Once the United Kingdom, the country has been divided into four sections based on the natures of the inhabitants. The Divided Kingdom's citizens are now classified as either Sanguine (nice and pleasant), Melancholic (depressed and emo), Phlegmatic (spiritual and laid-back), or Choleric (angry bastards). The borders of these four areas are tightly controlled and no travel is allowed among them.

Now let's thicken the plot. I'm sure you can see where this is going: our boy Thomas will transgress these rules, become a man against society, and seek his own identity in a world that wants conformity.

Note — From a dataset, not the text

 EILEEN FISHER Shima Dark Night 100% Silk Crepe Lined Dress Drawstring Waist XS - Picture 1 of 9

And there you have Divided Kingdom. The book was okay, as far as dystopian novels (which I generally love) go. The story was interesting, and I really got into it once I had finished the first half. However (and there's always a however, isn't there?), the book had quite a few drawbacks. For one, a society based on the four humors?? Really? That doesn't seem practical at all. And is all that description necessary? Allow me to try my hand at it:

I looked down. To the left of my foot stood a toad. He looked at me, mouth gaping. I walked on, intent on finding the doorway. The walls of the hall were grimy with handprints. I remembered I hadn't brushed my teeth yet today. There was a tiny hole at the very bottom of the left wall. I wondered if some rat hadn't gnawed its way through, trying to escape, feeling trapped in the prison of these tiny, choleric rooms...

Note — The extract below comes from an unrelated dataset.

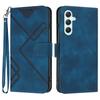 For Samsung Galaxy A35 5G Wallet Case Line Imprinted PU Leather Phone Cover with Strap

You get the point. The above passage is, if you couldn't tell, mine. I was just trying it on for size. Thankfully, whenever I enter the Bog of Eternal Description (much like the Bog of Eternal Stench, if you can catch that clever allusion), I just use my handy-dandy skimminator which I purchased at Ye Olde Skimme Shoppe. Thus I finished half the book in just under a day's time, and I have a feeling I didn't miss out on anything important. Thomas is lost. Thomas suffers. Thomas is healed. Campbell would be proud.

The biggest drawback to the book is the ending. I won't give anything away, but you know the end of How the Grinch Stole Christmas? How every one has joined hands, all friends now, singing merrily? It's kinda like that. Doesn't that defeat the purpose of a dystopia?

In a nutshell: Not the most believable book-of-the-future, but mildly entertaining. Some very cool scenes.